## Material provided
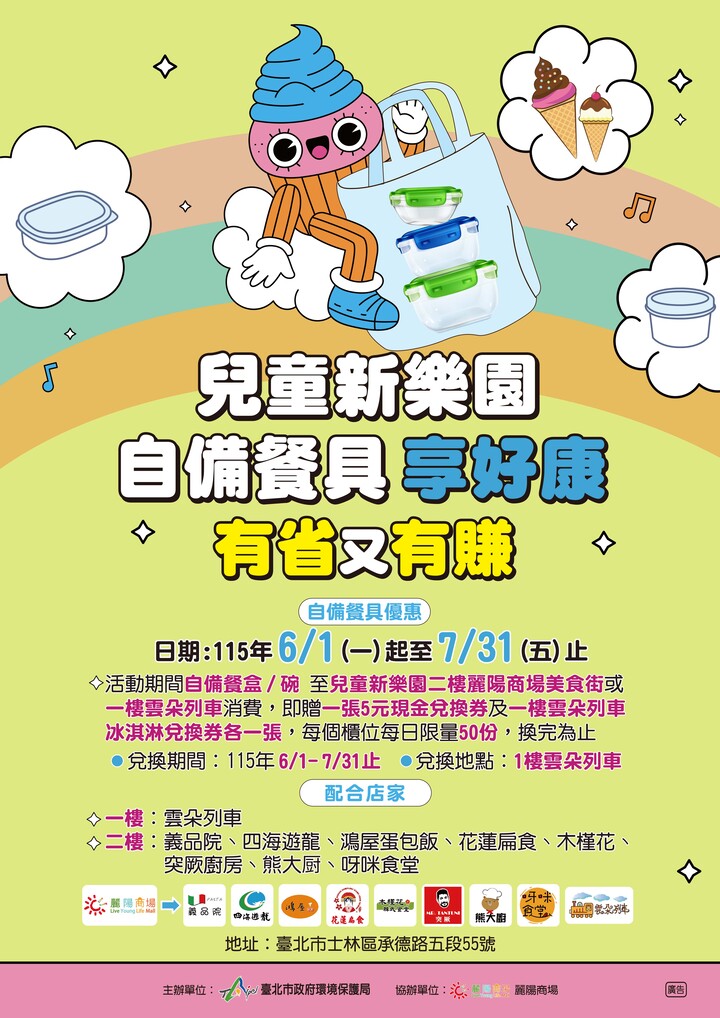 臺北市兒童新樂園與洲子美食街推動淨零行動　自備餐具享好康優惠鼓勵環保減塑生活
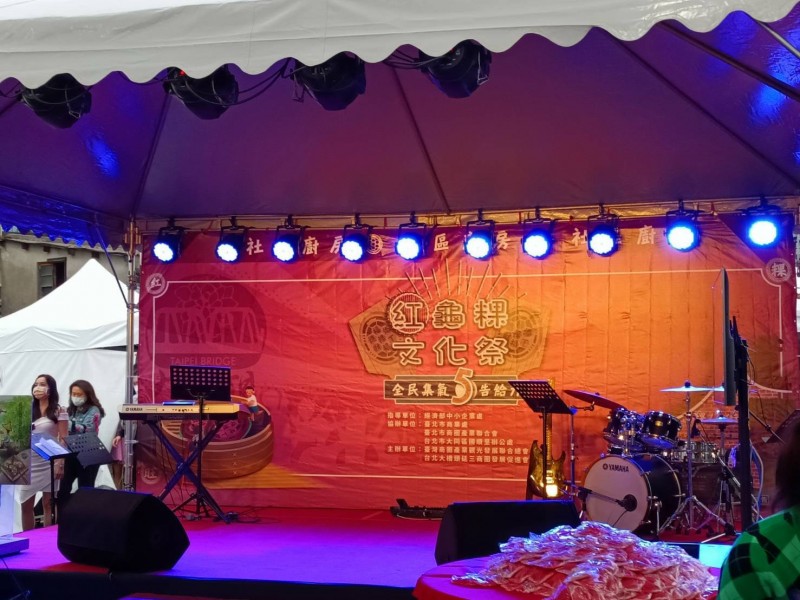 LINE_ALBUM_220430-延三商圈-紅龜粿文化祭-全民集氣五告給力音樂會_220501_8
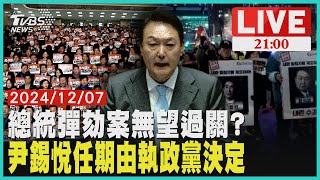 總統彈劾案無望過關?尹錫悅任期由執政黨決定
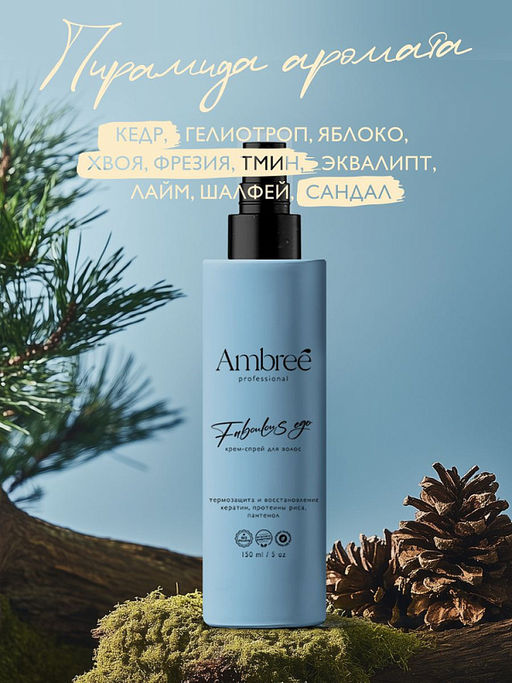 AMBREE Professional для волос крем-спрей Защита и восстановление серии 150мл Faboulous ego
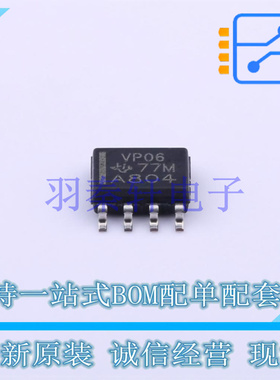 RS-485/RS-422芯片 SN65HVD06D SOIC-8 TI 全新原装进口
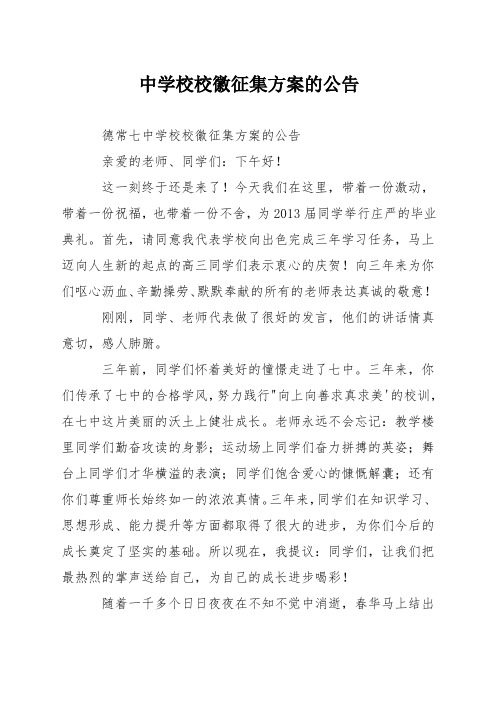 中学校校徽征集方案的公告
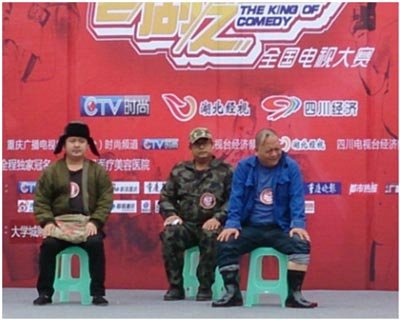 2013《真伊整形·喜剧之王》海选第二场--熙街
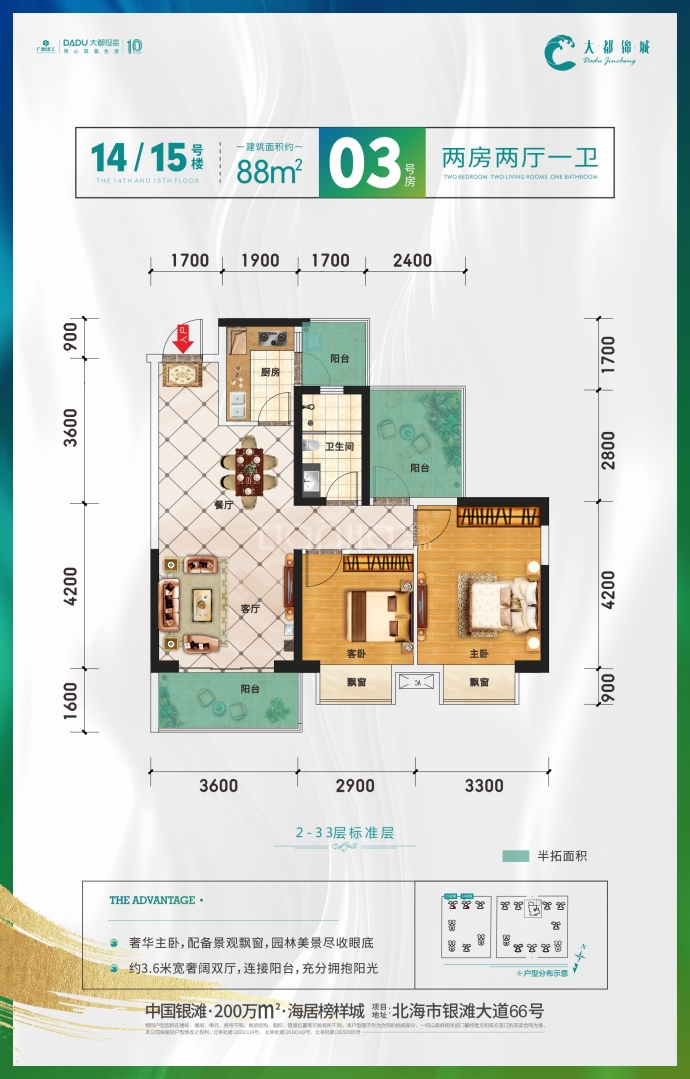 大都锦城--建面 88m²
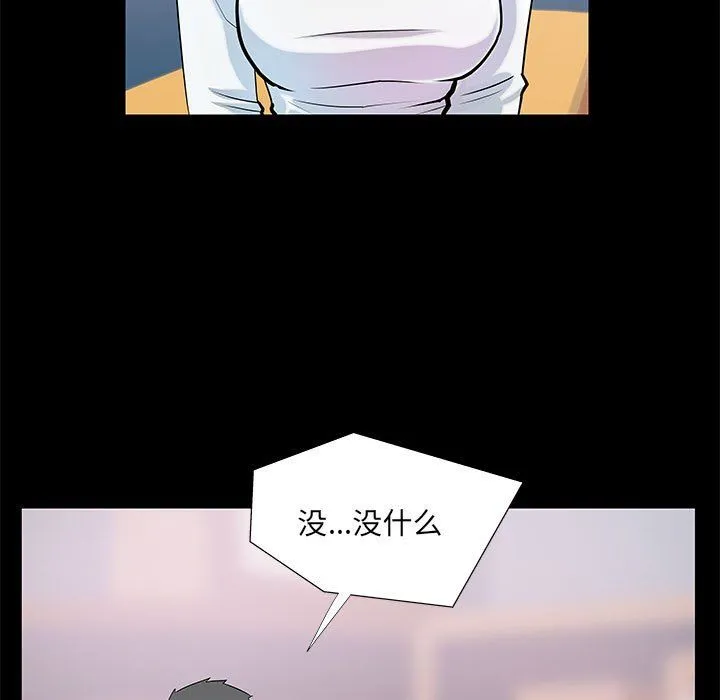 撩妹笔记本 - 第4話 - page 7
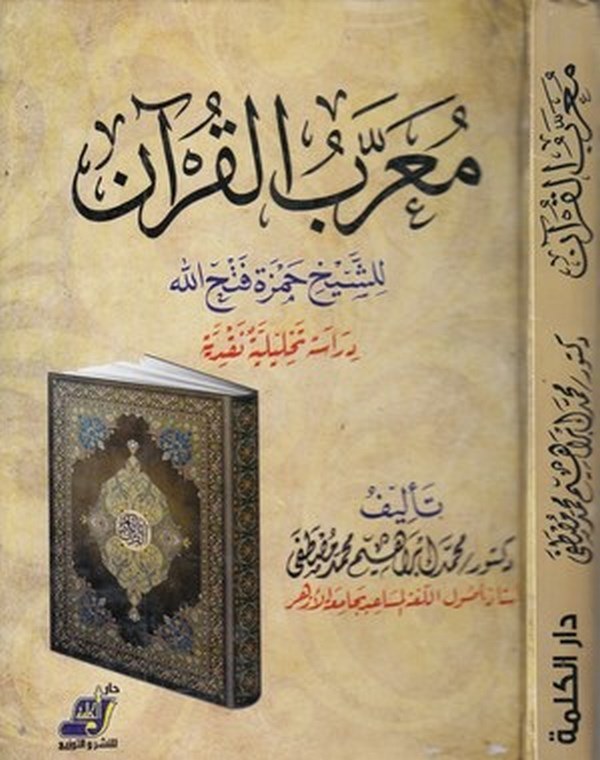 Muarrebül Kuran liş Şeyh Hamza Fethullah  : dirase tahliliyye nakdiyye-معرب القران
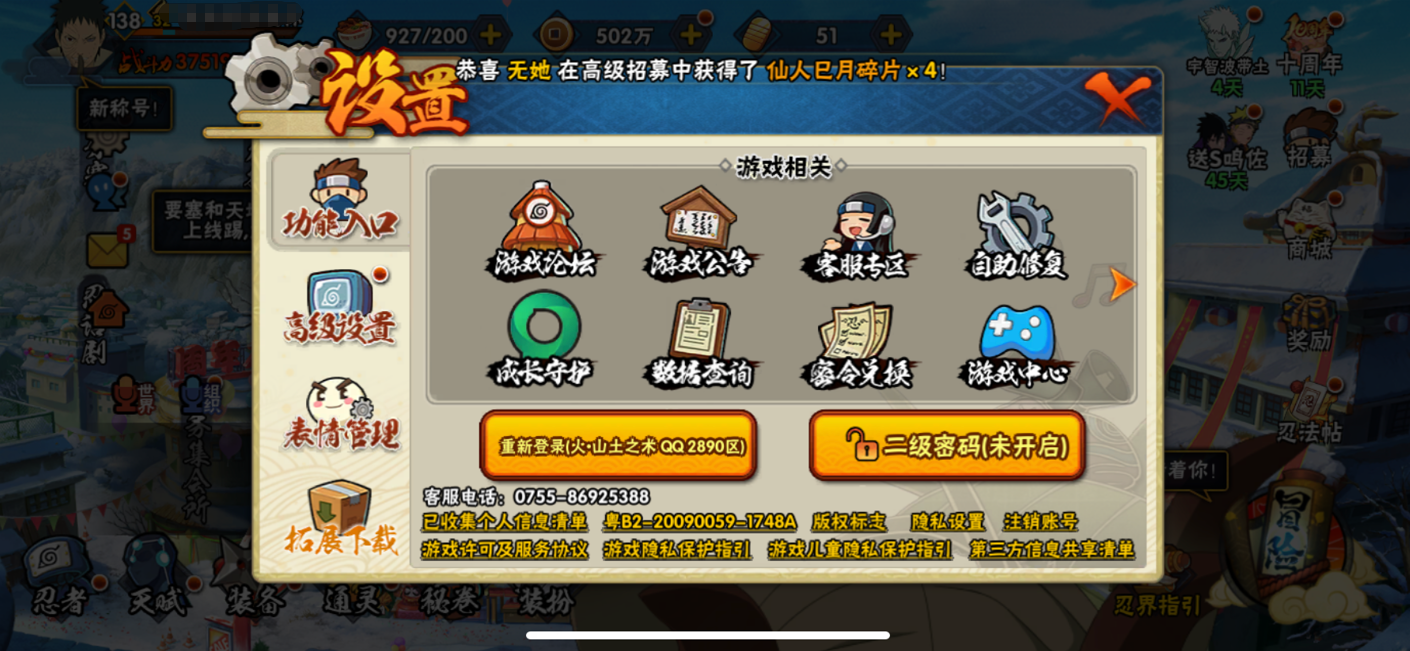 HYCMW47122火影忍者账号详情图10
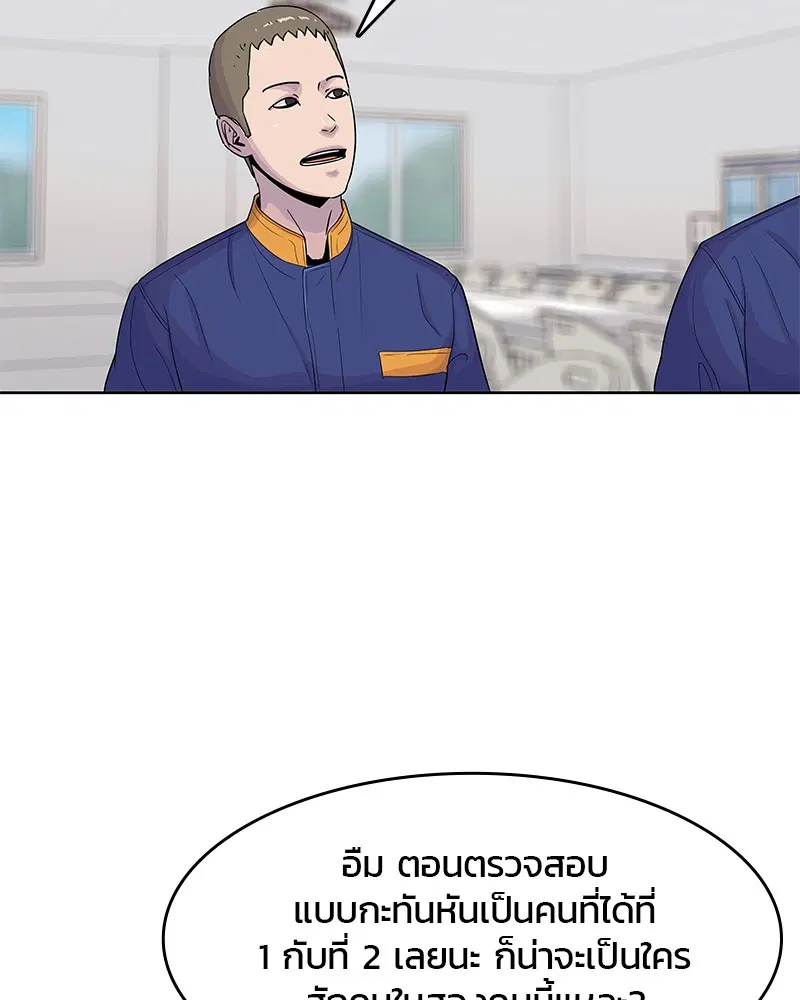Kitchen Soldier ตอนที่ 101 หน้า 25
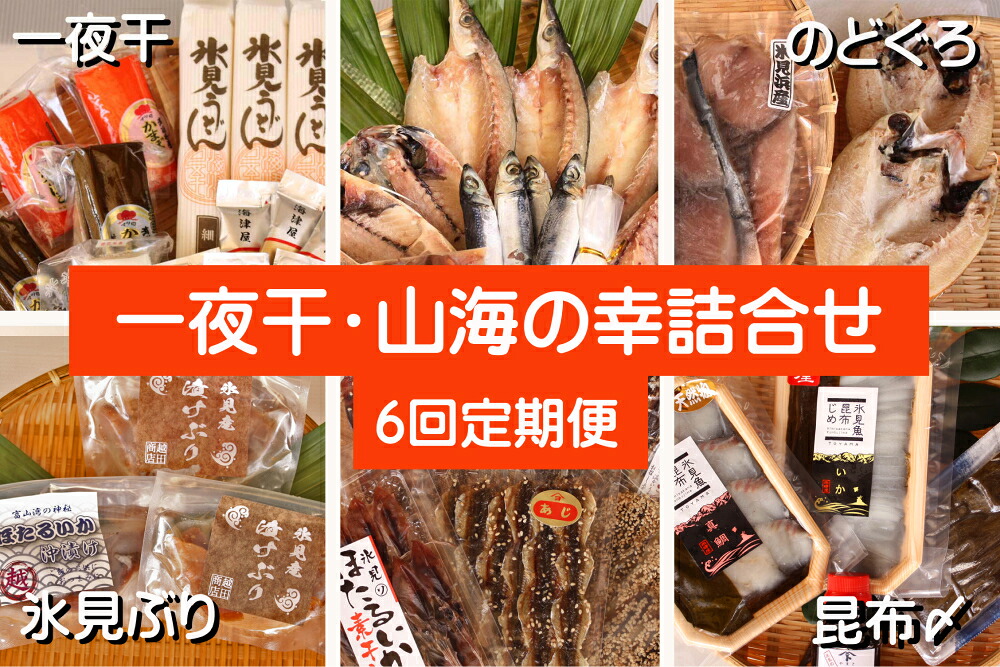 【ふるさと納税】【6ヶ月隔月or連続お届け】氷見堀与 一夜干・昆布〆刺身と山海の幸＜氷見鰤・ほたるいか・のどぐろ入＞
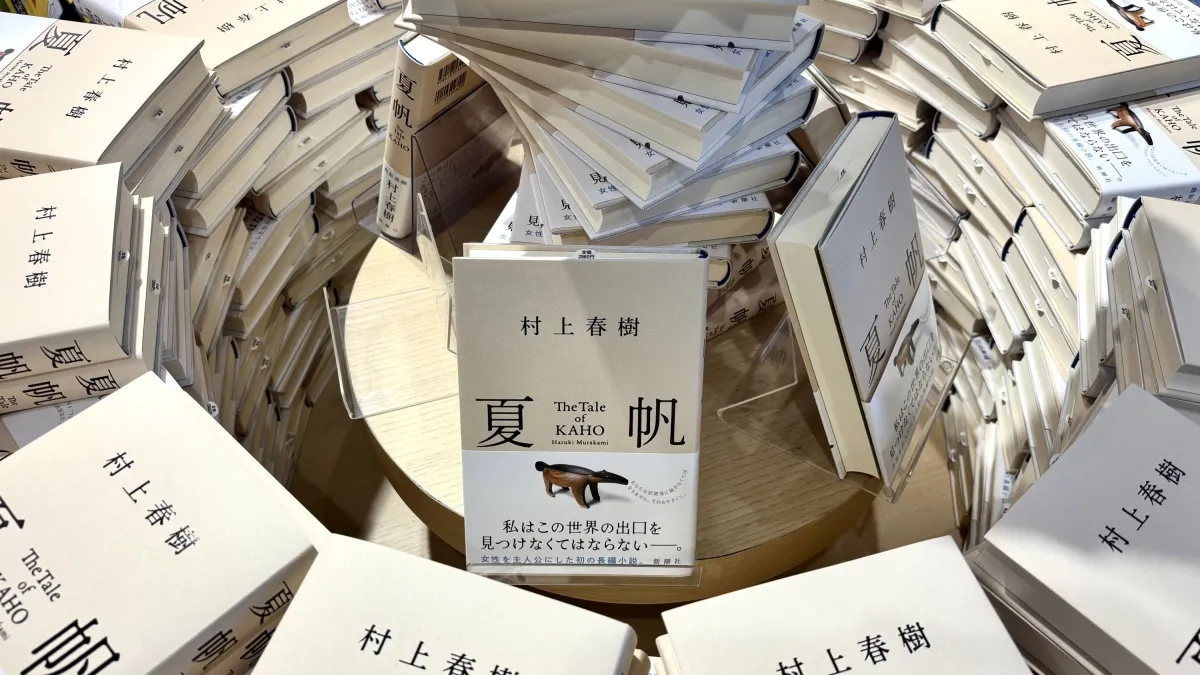 El escritor Haruki Murakami regresa a las librerías de Japón con su nueva novela, ‘La historia de Kaho’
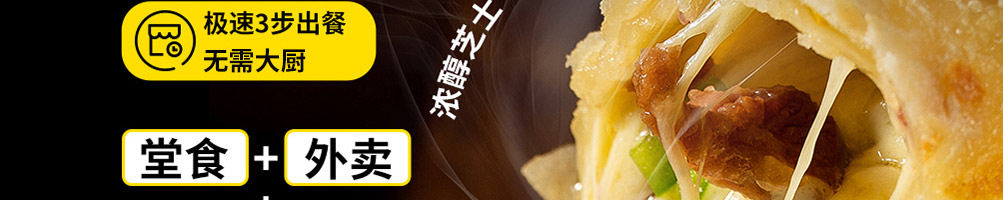 许蛮多芝士牛肉卷加盟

## Directions
Return each record exactly as given, excluding any image.

## Written response
 臺北市兒童新樂園與洲子美食街推動淨零行動　自備餐具享好康優惠鼓勵環保減塑生活
 LINE_ALBUM_220430-延三商圈-紅龜粿文化祭-全民集氣五告給力音樂會_220501_8
 總統彈劾案無望過關?尹錫悅任期由執政黨決定
 AMBREE Professional для волос крем-спрей Защита и восстановление серии 150мл Faboulous ego
 RS-485/RS-422芯片 SN65HVD06D SOIC-8 TI 全新原装进口
 中学校校徽征集方案的公告
 2013《真伊整形·喜剧之王》海选第二场--熙街
 大都锦城--建面 88m²
 撩妹笔记本 - 第4話 - page 7
 Muarrebül Kuran liş Şeyh Hamza Fethullah  : dirase tahliliyye nakdiyye-معرب القران
 HYCMW47122火影忍者账号详情图10
Kitchen Soldier ตอนที่ 101 หน้า 25
 【ふるさと納税】【6ヶ月隔月or連続お届け】氷見堀与 一夜干・昆布〆刺身と山海の幸＜氷見鰤・ほたるいか・のどぐろ入＞
 El escritor Haruki Murakami regresa a las librerías de Japón con su nueva novela, ‘La historia de Kaho’
 许蛮多芝士牛肉卷加盟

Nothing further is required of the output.